We calculated three measures to capture the spread and overlap of regions selected for each scene. Table 1 shows means for these three measures, and Figure 1 presents heat maps of the regions selected by each group for example objects. We determined the agreement among participants by calculating the percentage of participants who contributed to the highest peak (i.e., the most-selected region). We found that the percentage for the description group (collapsed across participants for each scene) was higher than for the picture group, t(70) = 4.12, p < .001, d = 0.98. The overall average area of the scene selected was also higher for the description group than for the picture group, t(70) = 2.51, p < .05, d = 0.60. However, the description group selected fewer unique regions than the picture group, t(70) = −2.691, p < .01, d = 0.64. Taken together, these results show that compared with the picture group, the description group selected bigger but fewer regions overall, and there was greater overlap between participants’ selections within the description group.

Table 1.

Means for the Three Measures Assessed in the Pilot Study

Measure	Description group	Picture group	Difference between groups
Percentage of participants who selected the peak region	66 (15)	52 (13)	14**
Average area of the scene selected (pixels²)	9,459 (6,238)	6,191 (4,539)	3,268*
Number of unique regions selected	5.4 (2.1)	6.8 (2.2)	−1.4**

Note: Standard deviations are in parentheses.

p < .05. **p < .01.

Experiment 1

Method

Participants

Thirty-two Queen’s University undergraduate students received either $10 per hour or course credit for their participation. Sample size was determined on the basis of previous scene-search studies (e.g., Castelhano & Heaven, 2011).

Stimuli and apparatus

The stimuli were the same 36 invented objects used in the pilot study. For the study phase, each object picture was displayed on a gray background. For the search phase, each object was incorporated into 1 of 36 scenes (e.g., a kitchen, a living room; Fig. 2). Targets and scenes were counterbalanced across participants and across conditions. Targets were placed equally among the upper, middle, and lower regions of the scene.

Fig. 2.

Objects and scenes from Experiment 1. The top row shows examples from the set of 36 invented objects presented in the study phase. The bottom rows show example scenes into which both studied and novel objects were placed during the search phase. Target objects in the scenes are highlighted in red.
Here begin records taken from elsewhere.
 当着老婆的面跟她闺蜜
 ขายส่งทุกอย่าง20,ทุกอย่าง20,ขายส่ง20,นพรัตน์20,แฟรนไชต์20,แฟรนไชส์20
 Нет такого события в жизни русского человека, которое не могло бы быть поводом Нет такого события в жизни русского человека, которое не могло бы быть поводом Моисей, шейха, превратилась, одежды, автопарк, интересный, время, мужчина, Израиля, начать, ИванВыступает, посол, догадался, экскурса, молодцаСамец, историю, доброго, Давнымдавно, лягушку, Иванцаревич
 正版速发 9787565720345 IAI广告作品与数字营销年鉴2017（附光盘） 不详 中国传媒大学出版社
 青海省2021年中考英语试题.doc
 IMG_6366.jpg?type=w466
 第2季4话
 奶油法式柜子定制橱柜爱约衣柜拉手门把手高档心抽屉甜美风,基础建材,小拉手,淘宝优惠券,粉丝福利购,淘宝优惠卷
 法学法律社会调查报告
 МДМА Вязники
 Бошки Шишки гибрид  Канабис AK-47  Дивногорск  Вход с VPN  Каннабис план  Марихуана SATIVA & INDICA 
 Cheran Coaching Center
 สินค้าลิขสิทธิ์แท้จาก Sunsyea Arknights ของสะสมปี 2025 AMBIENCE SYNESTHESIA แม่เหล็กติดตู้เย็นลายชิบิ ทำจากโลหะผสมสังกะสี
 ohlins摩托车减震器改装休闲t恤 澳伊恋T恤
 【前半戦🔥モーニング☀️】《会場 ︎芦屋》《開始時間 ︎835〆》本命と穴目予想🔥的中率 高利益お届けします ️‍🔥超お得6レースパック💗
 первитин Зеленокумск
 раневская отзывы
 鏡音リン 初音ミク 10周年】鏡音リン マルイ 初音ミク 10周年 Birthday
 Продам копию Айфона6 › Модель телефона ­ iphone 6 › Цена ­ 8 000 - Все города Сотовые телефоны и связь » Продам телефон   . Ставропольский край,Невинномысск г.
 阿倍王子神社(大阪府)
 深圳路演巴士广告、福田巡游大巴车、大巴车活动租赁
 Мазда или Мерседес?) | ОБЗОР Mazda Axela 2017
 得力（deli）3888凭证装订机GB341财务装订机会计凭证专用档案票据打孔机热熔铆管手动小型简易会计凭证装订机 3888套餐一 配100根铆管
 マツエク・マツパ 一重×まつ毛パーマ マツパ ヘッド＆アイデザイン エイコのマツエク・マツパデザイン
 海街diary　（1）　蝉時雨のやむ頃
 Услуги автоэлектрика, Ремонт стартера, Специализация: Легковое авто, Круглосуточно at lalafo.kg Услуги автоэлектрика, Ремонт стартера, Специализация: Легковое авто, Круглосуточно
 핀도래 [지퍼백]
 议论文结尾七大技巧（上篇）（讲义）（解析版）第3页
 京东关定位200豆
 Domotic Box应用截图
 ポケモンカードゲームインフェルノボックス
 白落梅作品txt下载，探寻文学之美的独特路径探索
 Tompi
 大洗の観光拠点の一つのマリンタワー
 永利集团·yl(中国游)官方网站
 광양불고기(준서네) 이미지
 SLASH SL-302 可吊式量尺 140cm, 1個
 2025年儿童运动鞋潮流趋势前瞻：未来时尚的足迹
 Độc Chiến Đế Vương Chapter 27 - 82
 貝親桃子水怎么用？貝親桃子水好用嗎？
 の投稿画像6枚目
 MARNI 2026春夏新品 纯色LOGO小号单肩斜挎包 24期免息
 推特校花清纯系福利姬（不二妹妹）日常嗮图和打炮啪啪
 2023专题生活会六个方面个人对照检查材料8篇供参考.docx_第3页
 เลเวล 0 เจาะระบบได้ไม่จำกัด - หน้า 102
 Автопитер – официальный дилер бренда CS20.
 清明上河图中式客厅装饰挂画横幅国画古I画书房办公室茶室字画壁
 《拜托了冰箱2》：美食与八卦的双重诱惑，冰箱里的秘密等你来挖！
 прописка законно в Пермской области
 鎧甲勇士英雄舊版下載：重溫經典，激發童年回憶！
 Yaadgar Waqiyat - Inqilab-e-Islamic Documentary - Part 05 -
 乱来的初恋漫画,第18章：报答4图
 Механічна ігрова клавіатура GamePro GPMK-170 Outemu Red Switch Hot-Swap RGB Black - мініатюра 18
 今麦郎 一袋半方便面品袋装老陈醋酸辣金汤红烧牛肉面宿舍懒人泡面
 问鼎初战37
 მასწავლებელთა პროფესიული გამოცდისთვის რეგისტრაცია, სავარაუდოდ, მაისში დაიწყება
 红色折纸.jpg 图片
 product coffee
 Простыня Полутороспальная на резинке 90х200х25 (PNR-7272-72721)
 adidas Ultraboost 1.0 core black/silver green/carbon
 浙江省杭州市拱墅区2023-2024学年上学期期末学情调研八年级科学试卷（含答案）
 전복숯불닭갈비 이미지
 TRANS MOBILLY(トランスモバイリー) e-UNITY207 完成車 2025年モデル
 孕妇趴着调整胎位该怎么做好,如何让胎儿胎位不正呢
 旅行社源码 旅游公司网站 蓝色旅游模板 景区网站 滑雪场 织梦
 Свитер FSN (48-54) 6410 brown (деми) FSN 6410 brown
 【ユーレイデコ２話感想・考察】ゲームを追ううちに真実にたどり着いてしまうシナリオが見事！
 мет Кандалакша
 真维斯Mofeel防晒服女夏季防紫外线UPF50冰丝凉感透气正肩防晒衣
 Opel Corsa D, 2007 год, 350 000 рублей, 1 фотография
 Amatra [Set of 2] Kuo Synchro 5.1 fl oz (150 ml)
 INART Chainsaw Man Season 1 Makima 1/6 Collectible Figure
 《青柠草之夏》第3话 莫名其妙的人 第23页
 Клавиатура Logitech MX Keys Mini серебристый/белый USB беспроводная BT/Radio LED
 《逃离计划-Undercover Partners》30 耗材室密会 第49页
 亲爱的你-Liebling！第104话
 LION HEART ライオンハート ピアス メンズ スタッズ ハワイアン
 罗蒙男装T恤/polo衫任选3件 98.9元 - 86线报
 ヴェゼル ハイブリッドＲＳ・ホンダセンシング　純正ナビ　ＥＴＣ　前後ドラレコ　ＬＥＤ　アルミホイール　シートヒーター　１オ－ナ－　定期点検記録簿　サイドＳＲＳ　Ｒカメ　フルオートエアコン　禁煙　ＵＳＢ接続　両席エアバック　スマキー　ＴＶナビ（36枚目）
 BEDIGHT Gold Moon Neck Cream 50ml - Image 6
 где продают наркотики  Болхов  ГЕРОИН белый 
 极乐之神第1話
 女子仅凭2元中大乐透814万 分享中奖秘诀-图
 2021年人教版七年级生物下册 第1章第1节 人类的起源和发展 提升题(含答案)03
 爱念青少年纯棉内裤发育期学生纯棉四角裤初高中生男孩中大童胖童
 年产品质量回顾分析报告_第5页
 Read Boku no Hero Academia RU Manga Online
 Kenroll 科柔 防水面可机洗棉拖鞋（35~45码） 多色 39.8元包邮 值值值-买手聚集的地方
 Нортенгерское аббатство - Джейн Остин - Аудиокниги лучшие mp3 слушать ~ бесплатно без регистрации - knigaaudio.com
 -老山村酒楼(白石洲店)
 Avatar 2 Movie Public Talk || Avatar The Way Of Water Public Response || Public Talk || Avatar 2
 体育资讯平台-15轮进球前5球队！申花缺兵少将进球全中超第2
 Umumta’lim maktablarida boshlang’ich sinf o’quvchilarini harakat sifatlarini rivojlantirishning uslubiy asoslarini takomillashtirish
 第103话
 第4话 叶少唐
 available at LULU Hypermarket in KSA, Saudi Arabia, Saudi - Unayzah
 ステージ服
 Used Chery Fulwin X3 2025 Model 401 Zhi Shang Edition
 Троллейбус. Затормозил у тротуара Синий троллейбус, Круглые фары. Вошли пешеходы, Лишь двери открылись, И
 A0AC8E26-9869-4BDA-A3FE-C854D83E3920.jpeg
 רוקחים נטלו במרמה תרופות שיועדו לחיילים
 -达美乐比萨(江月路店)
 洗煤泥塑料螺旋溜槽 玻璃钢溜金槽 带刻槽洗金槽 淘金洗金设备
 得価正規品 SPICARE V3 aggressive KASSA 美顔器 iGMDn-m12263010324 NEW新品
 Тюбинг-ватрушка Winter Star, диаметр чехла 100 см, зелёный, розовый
Stimuli were presented on a 21-in. CRT monitor at a resolution of 800 × 600 pixels (38.1° × 28.6°); the monitor had a refresh rate of 100 Hz. Participants’ head movements were constrained by a chin rest, and their eye movements were tracked using an EyeLink 1000 eye tracker (SR Research, Kanata, Ontario, Canada) sampling at 1000 Hz.

Procedure

Participants were randomly assigned to either the function or feature group. During the study phase, all participants were shown 18 invented objects: The function group saw the object image and a description of its function, while the feature group saw only the image (Fig. 3, top row). Participants were instructed to study each object for a memory test, and each object remained on the screen until they pressed a button. After viewing all objects, each participant completed a four-alternative forced-choice memory test (Fig. 3, bottom rows). Participants were required to have a minimum 85% correct before beginning the search phase.

Fig. 3.

Sample trial and memory test from the study phase of Experiment 1. Participants first studied each object individually; the function group was also given an on-screen description of the object. After viewing all objects, participants completed a memory test. In these examples, the correct answer for both groups is 1. For the test for the feature group, modifications were made to the base of the object that would attach to the wall (in this example, Distractors 2 and 3 have a darker blue color compared with the target object, and Distractors 2 and 4 have fewer layers). The correct item placement was randomized during test.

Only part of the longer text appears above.